Andrew Weiss: Negli Stati Uniti c’è il vizio di far apparire la Russia come fosse alta tre metri, tanto per quel che ha fatto in Crimea quanto per le interferenze durante le elezioni presidenziali del 2016. Al contempo c’è la tendenza di ricondurre alla Russia qualsiasi evento negativo accada nel nostro Paese. Sono i due estremi di un approccio semplicistico. La Russia è particolarmente brava a sfruttare occasioni già esistenti, non a crearle. La politica americana è spaccata in due e questo ha fatto il gioco del Cremlino, che dal 2014 teme che gli Stati Uniti stiano preparando un cambio di regime a Mosca. Putin è riuscito a far apparire all’estero la Russia una potenza dirompente. Non è un caso che cinque anni fa la Nato non avesse un solo carro armato sul fronte orientale e oggi abbia dispiegato le sue truppe al confine dell’Europa dell’Est e aumentato su ogni fronte la deterrenza anti-russa.

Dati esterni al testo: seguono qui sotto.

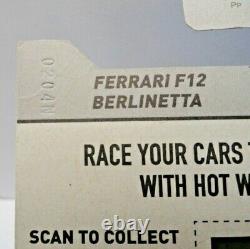 2014 Hot Wheels Silver Ferrari F12 Berlinetta Hw #31, 10sp Avant Rim Erreur, Rare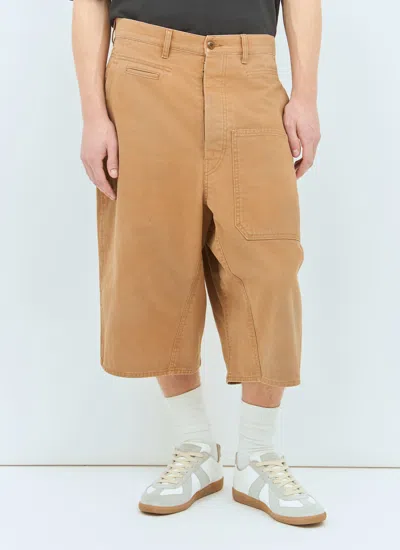 Maison Margiela Men Canvas Shorts In Orange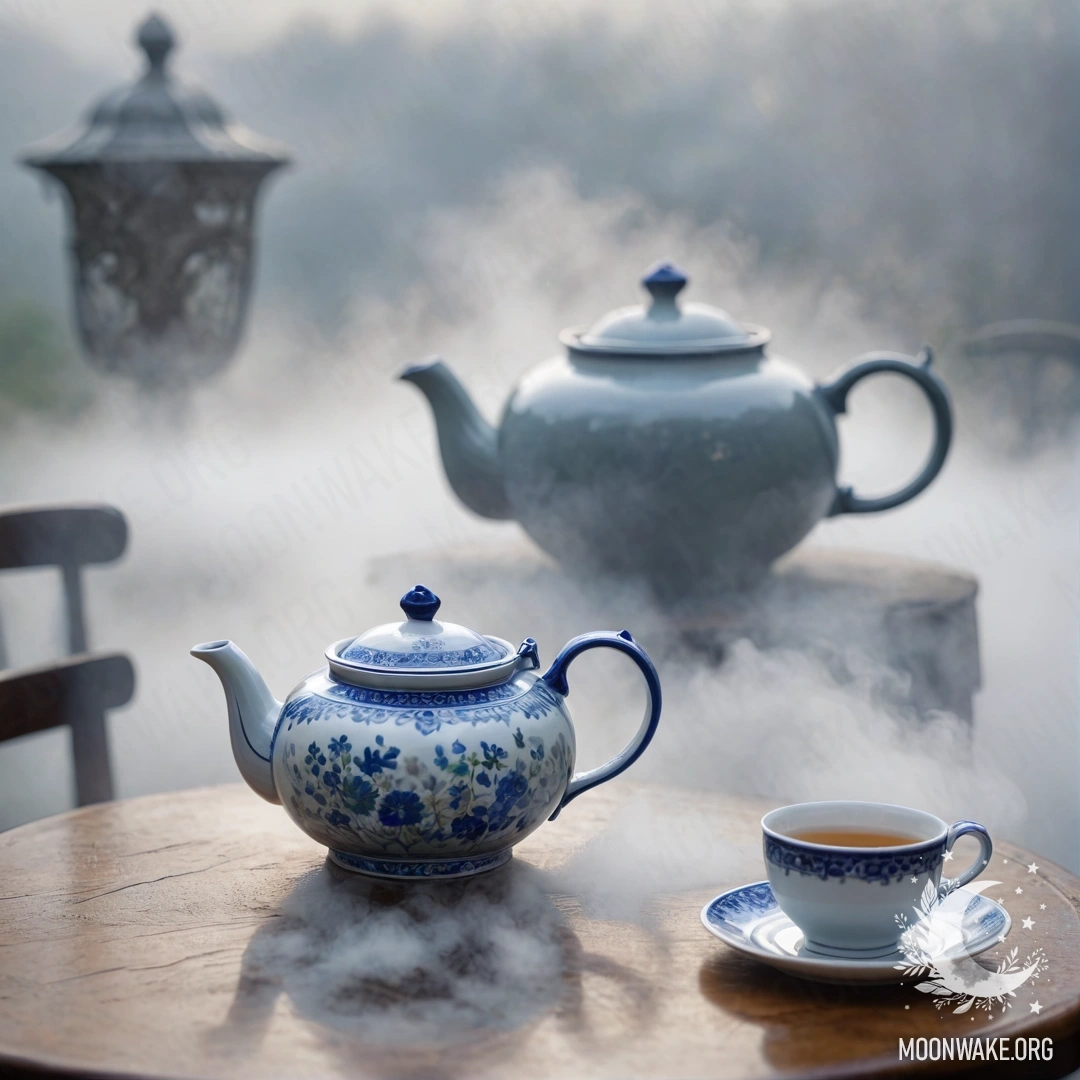 A round wooden table with a porcelain teapot adorned with blue flowers in heavy mist.
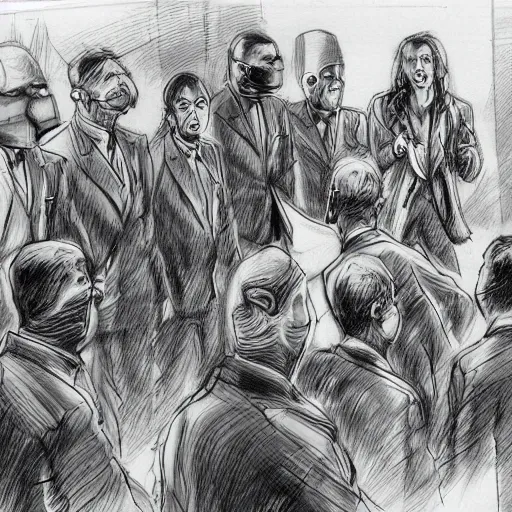 Image similar to highly detailed realistic sketch of UN members in suits yelling at a cyborg samurai, fear and anger in their eyes, colored , award winning , masterpiece on a scroll , post-processing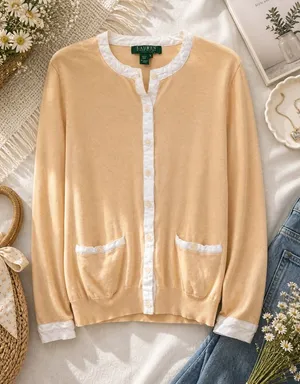 Lauren‎ Ralph Lauren Beige Cotton Cardigan Button Front Lightweight Sweater M thumbnail 1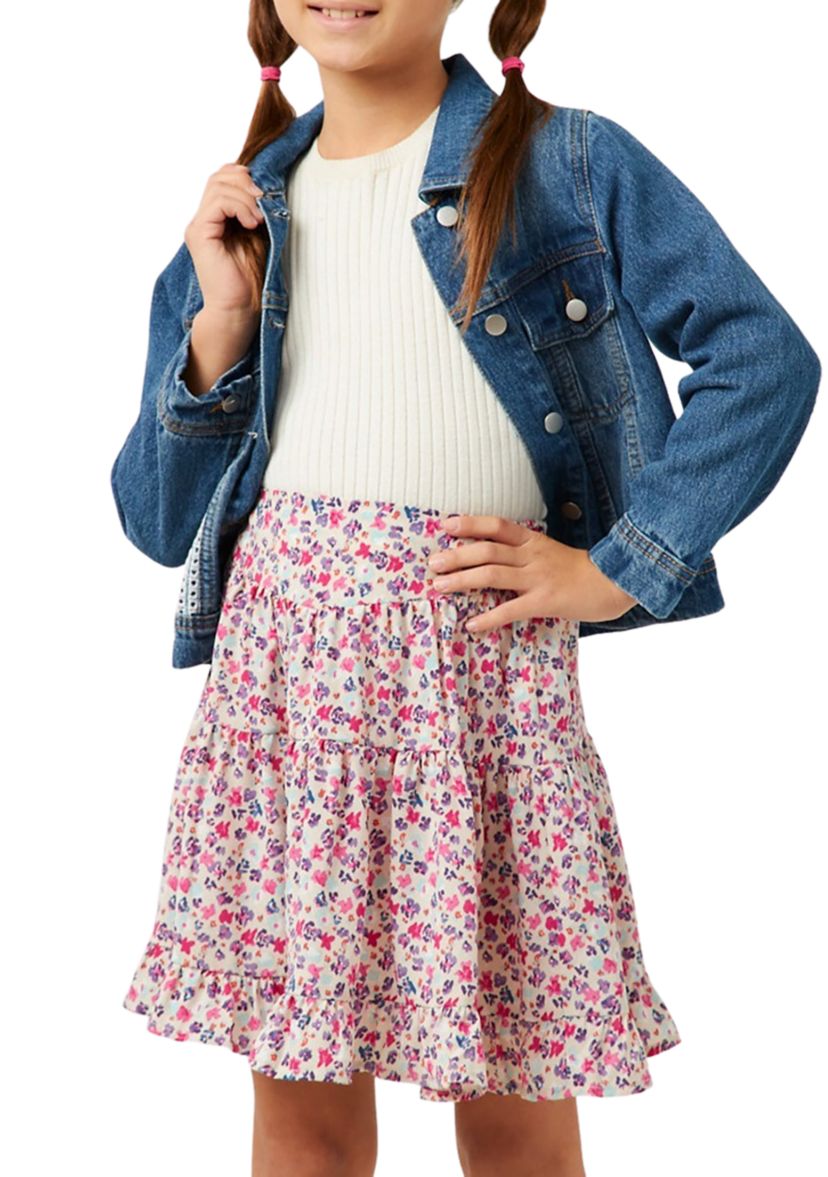 Toddler Girls Ditsy Floral Printed Ruffle Skirt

Paul Stronski: È vero, l’intervento russo in Crimea e le interferenze nei Paesi occidentali sono riusciti a rivitalizzare la Nato in questi anni, sul lungo periodo la Russia potrebbe pentirsene. Ricordo che nel 2013, quando ero al governo, gli alleati transatlantici erano divisi sul ruolo globale che avrebbe dovuto assumere la Nato all’indomani della guerra in Afghanistan, l’invasione russa in Crimea l’anno successivo ha dissipato ogni dubbio. Sul piano economico la Russia certamente non è un competitor geopolitico degli Stati Uniti. Su quello militare lo è, come ogni Paese dotato di armi nucleari. Negli ultimi anni però sono stati più gli insuccessi dei successi di fronte alla comunità internazionale. Le interferenze in Grecia e negli Stati Uniti non sono andate a buon fine. Lo stesso discorso vale per la Crimea. Mosca si è messa contro non solo tutta la popolazione ucraina, ma anche gran parte degli Stati dell’Europa dell’Est compresi quelli al confine come Kazakistan e Bielorussia.

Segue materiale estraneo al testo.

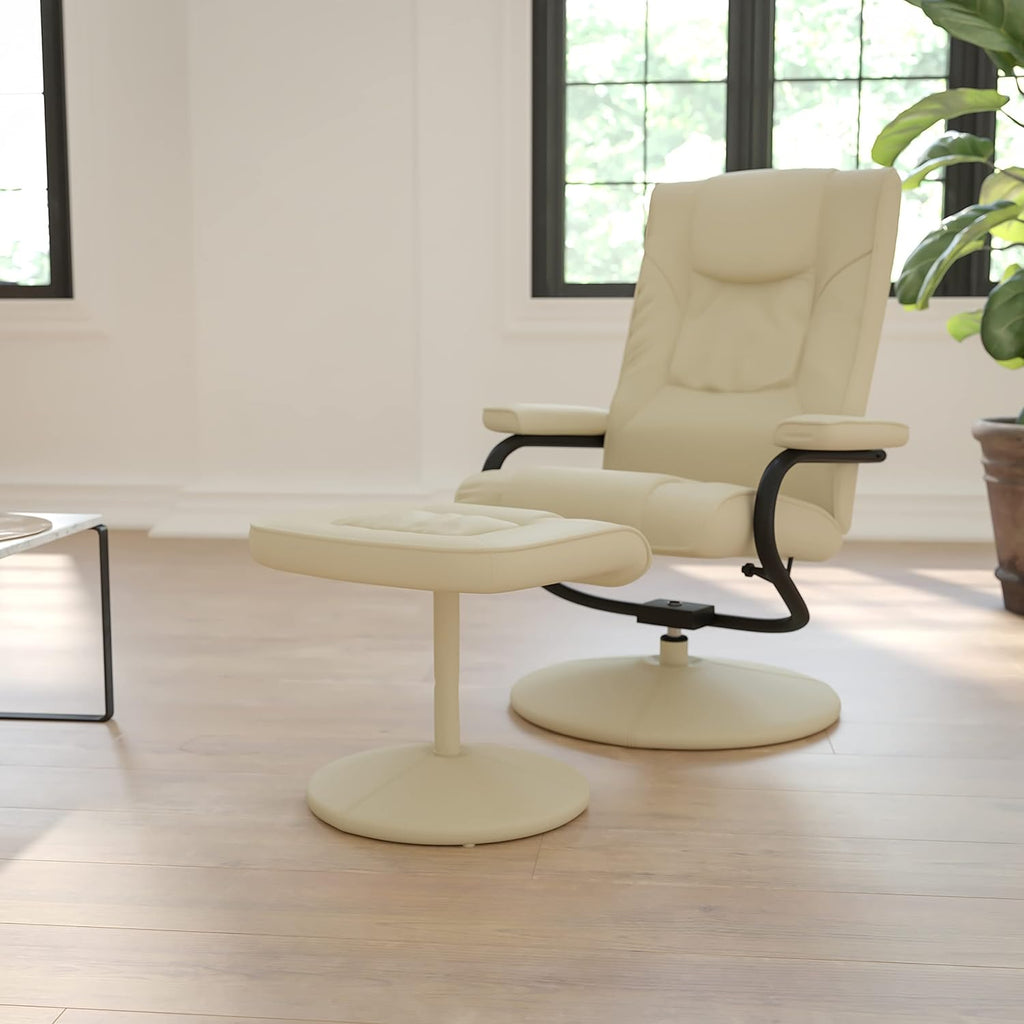 Cream Leathersoft Recliner/Ottoman H1179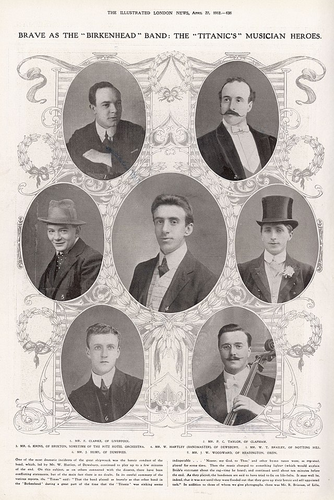 A photo of the eight-member orchestra led by Wallace Hartley, who continued to play even as the ship sank. None of the musicians survived the disaster. 
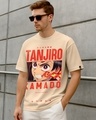 Shop Men's Ginger Root Brown Tanjiro Fire Breathing Graphic Printed Oversized T-shirt-Front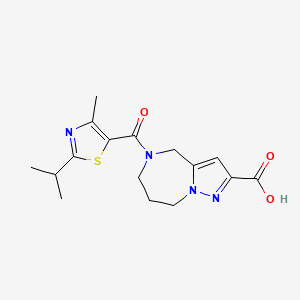 molecular formula C16H20N4O3S B4429650 5-[(2-isopropyl-4-methyl-1,3-thiazol-5-yl)carbonyl]-5,6,7,8-tetrahydro-4H-pyrazolo[1,5-a][1,4]diazepine-2-carboxylic acid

Sono fondate le accuse alla Russia di rompere la solidarietà atlantica ed europea? Se così fosse perché gli Stati membri Ue, compresi i più scettici, continuano a rinnovare le sanzioni contro Mosca ogni sei mesi?

Andrew Weiss: Proprio perché l’Europa è così divisa sulla Russia, il rinnovo semestrale delle sanzioni è divenuto occasione di ritrovare coesione e riflettere su quali punti 28 Stati membri devono imperniare la loro appartenenza all’Ue. Anche i Paesi più scettici come l’Italia stanno rinnovando le sanzioni perché sanno che un veto romperebbe irrimediabilmente la coesione europea. Il problema semmai è un altro. Stati Uniti ed Europa non stanno coordinando i loro sforzi. L’amministrazione Trump persegue una strategia bifronte che non è di alcun aiuto. Sulle sanzioni alla Russia mantiene un severo approccio unilaterale, e al tempo stesso non perde occasione di criticare la solidarietà europea e soprattutto contro la Germania, il Paese che più di tutti potrebbe aiutare gli Stati Uniti a contenere la Russia, verso cui nei corridoi della Casa Bianca c’è oggi un pregiudizio davvero inspiegabile.

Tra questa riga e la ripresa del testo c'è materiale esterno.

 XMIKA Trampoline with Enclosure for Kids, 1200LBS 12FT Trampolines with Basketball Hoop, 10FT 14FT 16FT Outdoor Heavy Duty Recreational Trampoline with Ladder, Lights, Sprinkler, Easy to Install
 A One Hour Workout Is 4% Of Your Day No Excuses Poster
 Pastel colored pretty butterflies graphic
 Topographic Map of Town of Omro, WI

Paul Stronski: Per il momento Putin deve fare i conti con un magro bilancio. La Russia ha da sempre l’obiettivo di rompere la solidarietà europea e indebolire l’Alleanza atlantica. Forse in questi anni è riuscita ad aumentare le distanze fra Stati Uniti ed Europa e a trascinare a sé alcuni Stati del Vecchio Continente, ma non sono i russi ad aver messo in pericolo la coesione europea. Le interferenze nei sistemi elettorali per il momento non hanno riscosso un grande successo. Da qui a cinque anni vedremo se Mosca riuscirà a raccogliere in Europa quel che ha seminato.